Per la salvaguardia del patrimonio culturale di Firenze, inoltre, sono già state messe in campo altre misure non strutturali: la prefettura della provincia, in collaborazione con l'Autorità di Bacino dell'Arno, dal 2007 ha avviato la schedatura degli edifici che per la loro ubicazione potrebbero essere danneggiati in caso di alluvione: chiese, biblioteche, musei, immobili di pregio storico-architettonico.



E ANCHE ROMA SI SCOPRE FRAGILE
C'è poi il caso Roma, che si aggiunge all'elenco delle città a rischio inondazioni se si considera lo scenario a pericolosità bassa, con un tempo di ritorno tra i 300 e i 500 anni. In questo scenario, i beni culturali a rischio sono 2.190 e l'area inondata includerebbe anche il centro storico con Piazza Navona, Piazza del Popolo e Pantheon.

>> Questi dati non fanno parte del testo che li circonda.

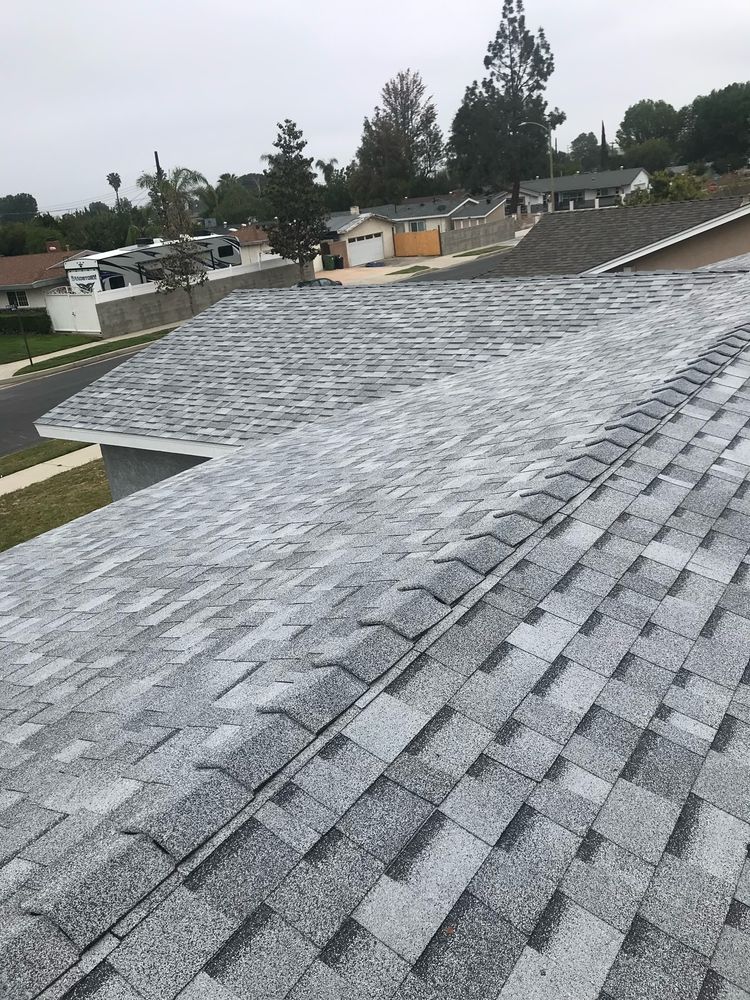 Slide of Mencho's Roofing & Repairs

Nella Città Eterna, comunque, la maggior parte dei beni culturali si trova in una zona a bassa probabilità di accadimento. «Questo non vuol dire che il fenomeno vada trascurato», sottolinea il ricercatore dell'Ispra: «In una città come Roma, così come nelle altre città d'arte, il patrimonio appartiene a tutta l'umanità: un eventuale danno sarebbe irreversibile, non si tratta di ricostruire una casa o un centro commerciale. L'obiettivo ottimale sarebbe mettere in sicurezza tutti i beni culturali ipotizzando lo scenario peggiore».